WORK TO BE COMPLETED ::
With the pictures left out, restate exactly the part below that opens with the line containing "Mizuno Logo - изображение 3" and closes with the line containing "شركة مقاولات عامة".

INPUT DATA ::
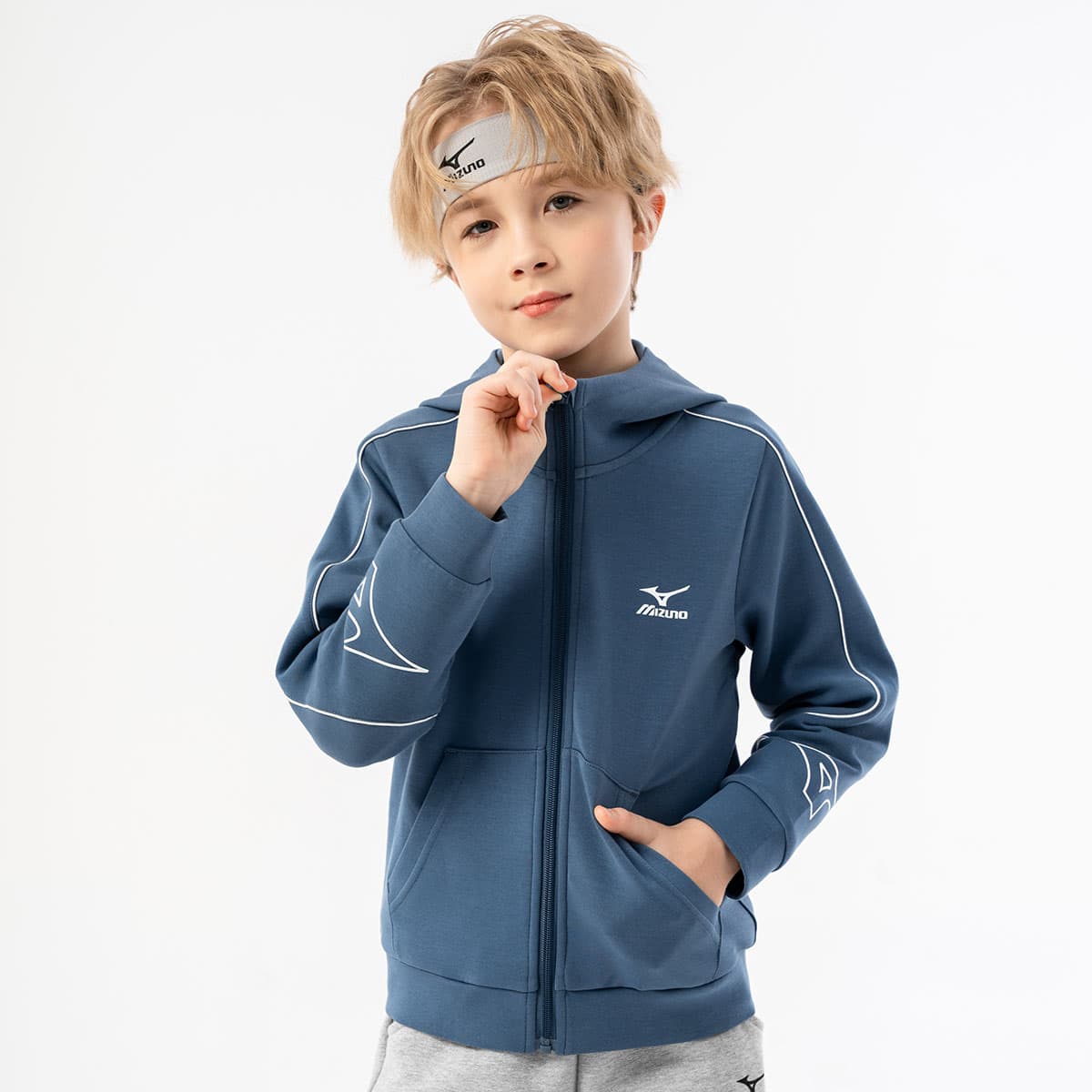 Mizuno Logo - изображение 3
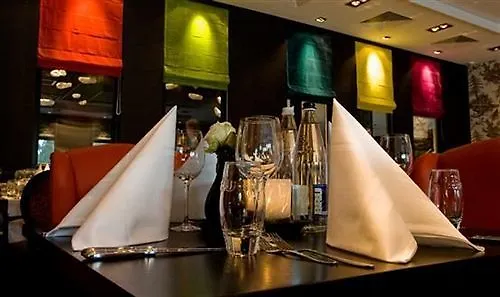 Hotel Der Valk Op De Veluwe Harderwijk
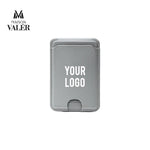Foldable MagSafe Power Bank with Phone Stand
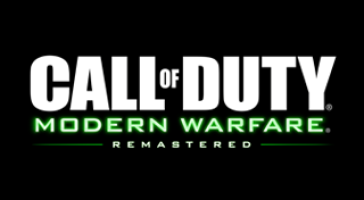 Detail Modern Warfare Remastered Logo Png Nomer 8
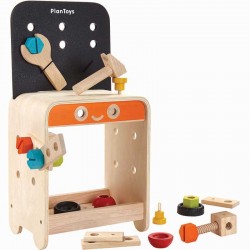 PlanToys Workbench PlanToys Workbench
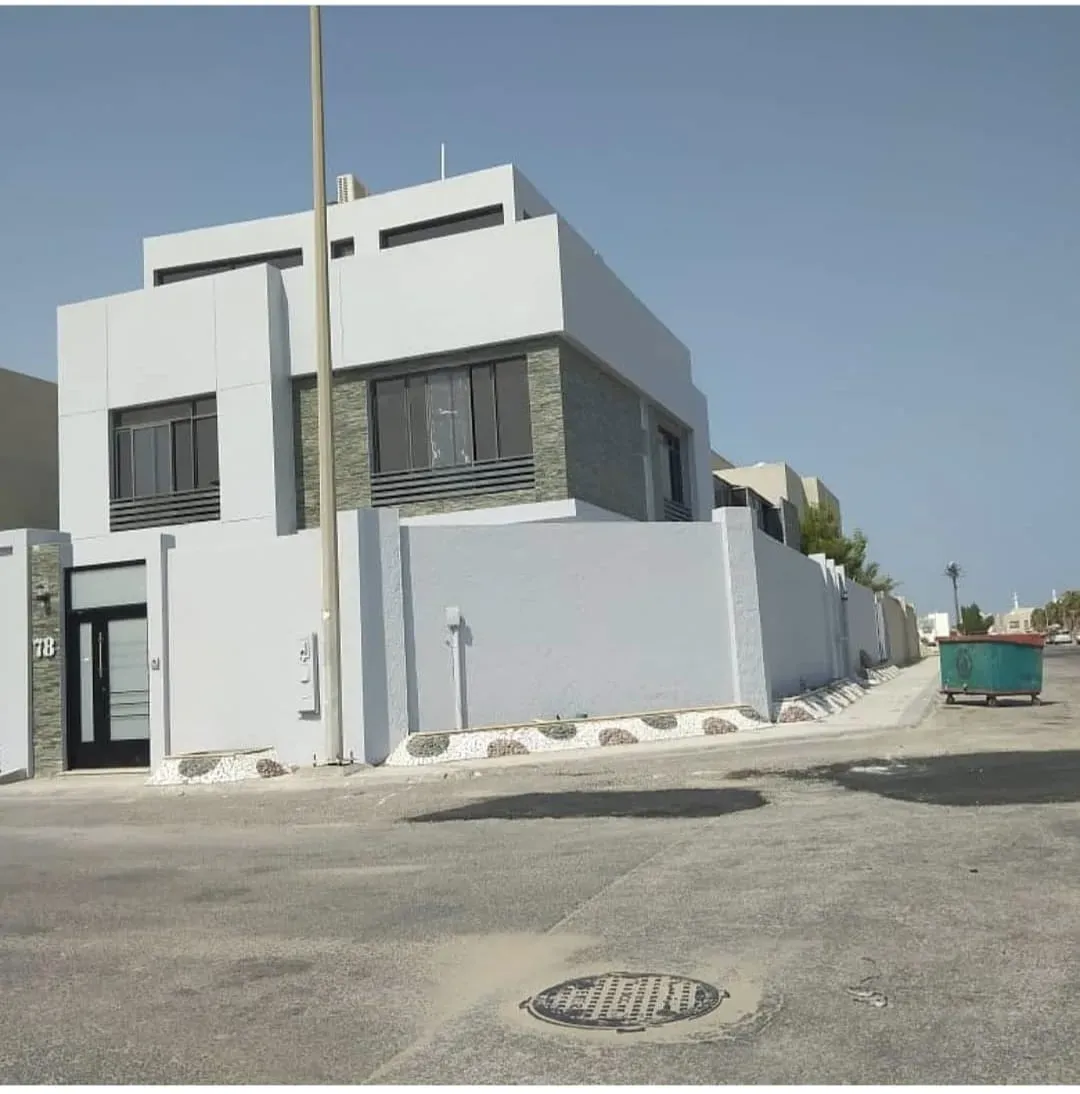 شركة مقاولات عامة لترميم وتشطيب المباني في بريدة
...
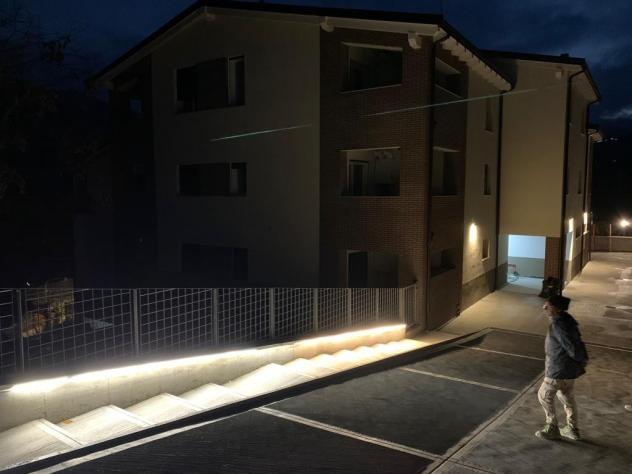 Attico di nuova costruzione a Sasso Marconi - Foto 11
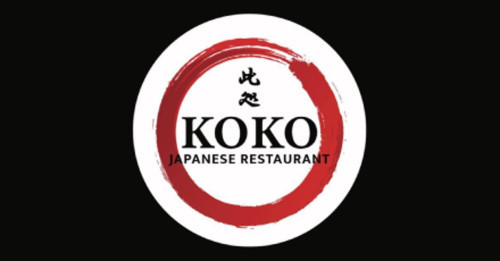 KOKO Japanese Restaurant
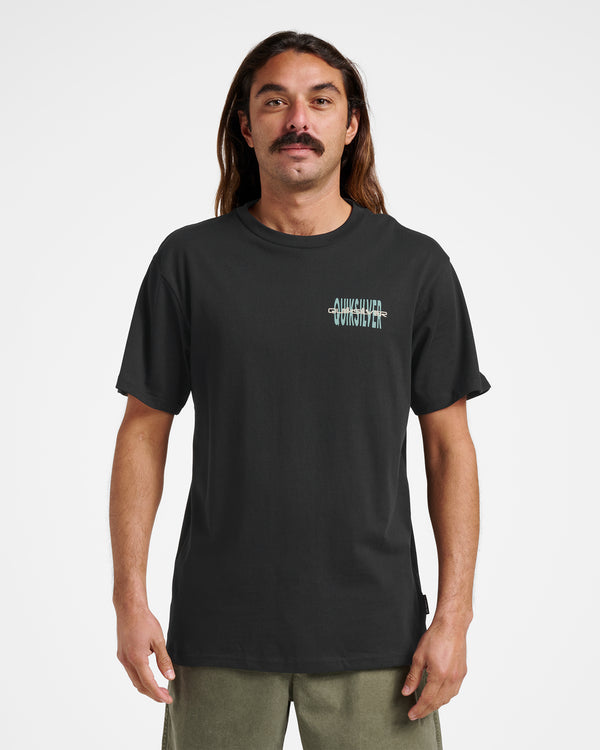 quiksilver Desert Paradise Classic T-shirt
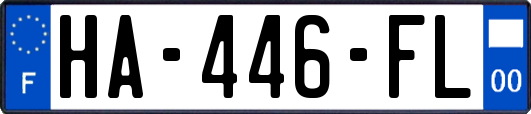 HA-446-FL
---
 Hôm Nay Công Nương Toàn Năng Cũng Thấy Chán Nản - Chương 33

TASK RESPONSE ::
 Mizuno Logo - изображение 3
 Hotel Der Valk Op De Veluwe Harderwijk
Foldable MagSafe Power Bank with Phone Stand
 Detail Modern Warfare Remastered Logo Png Nomer 8
 PlanToys Workbench PlanToys Workbench
 شركة مقاولات عامة لترميم وتشطيب المباني في بريدة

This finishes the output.